Valdosta Daily Times

Features

February 8, 2014

‘Nebraska,’ ‘Llewyn Davis’ an intriguing combination

VALDOSTA — “Nebraska” (Drama: 1 hour, 55 minutes)

Starring: Bruce Dern, Will Forte, June Squibb, Bob Odenkirk and Stacy Keach

Director: Alexander Payne

Rated: R (Profanity, violence and sexual innuendo)


Movie Review: The people presented in this amusing drama by director Alexander Payne (“The Descendants,” 2011) appear to live very mundane lives. That changes when an elderly, fragile Woodrow “Woody” T. Grant (Dern) is convinced he has won a million-dollar sweepstakes prize. Although Woody’s wife, Kate (Squibb), and sons David (Forte) and Ross (Odenkirk) try to convince him that the award notification is a marketing gimmick, Woody insists on going to Lincoln, Neb., to retrieve his prize. David decides to drive his father from Billings, Mont., but each stop of their trip brings about a new challenge for the father-son duo. A small town in central Nebraska where Woody grew up is especially taxing.

“Nebraska” is the movie for audiences seeking a slow drama with plenty of amusing scenes. Alexander Payne takes easygoing, straightforward stories and turns them into cinematic gems. Note some of his other films for confirmation: “Sideways” (2004), “About Schmidt” (2002) and “Election” (1999). Payne makes his screenplays story-driven concepts that contain unique characters. “Nebraska” neatly falls into that category. Like Payne’s previous films, it takes its time to make believable personas intriguing in uncomplicated narratives. Payne does this masterfully using black-and-white cinematography.

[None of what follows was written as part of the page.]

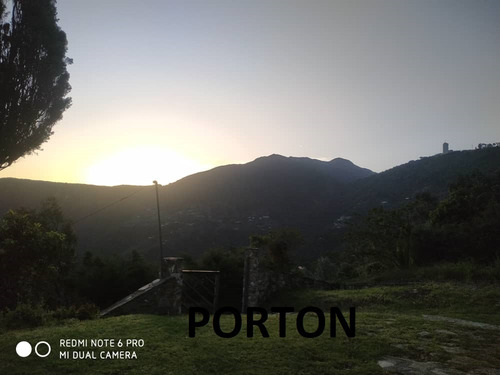 Excelente Terrenos En Venta Galipán, Parque Nacional Él Ávila. Son 2 Terrenos Puede Venderse Juntos Como Se Presenta Acá O Separados Edf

The cast is a bunch of ordinary people in appearance. They look like people one would see in any Walmart of a Western state. This is smart. Payne takes a bunch of ordinary people and makes their lives intriguing.

The head of the cast is Bruce Dern. He just received a nomination for an Oscar in a leading role. Dern’s last nomination was in 1979 for Best Actor in a Supporting Role in 1978’s “Coming Home” (Director Hal Ashby). Dern plays a fragile old man superbly. He is very convincing, especially when his character is intoxicated. Dern conveys much with little.

Dern is not alone in good performances. Forte is solid as his subdued son. He makes the film an earnest emotional piece. Squibb is hilarious as a senior citizen with no vocal filter. She thinks it; she says it. She is a hoot, potty mouth and all. Squibb steals the show in scenes often, delivering plenty of humor while doing such. Odenkirk and Keach round out a solid cast.

These and other characters are interesting, even when they are just watching television silently. These people are entertaining. This film takes small moments, especially the silent moments, and makes them gracefully engaging.

Grade: B+ (An intriguing state.)

 

“Inside Llewyn Davis” (Drama/Music: 1 hour, 45 minutes)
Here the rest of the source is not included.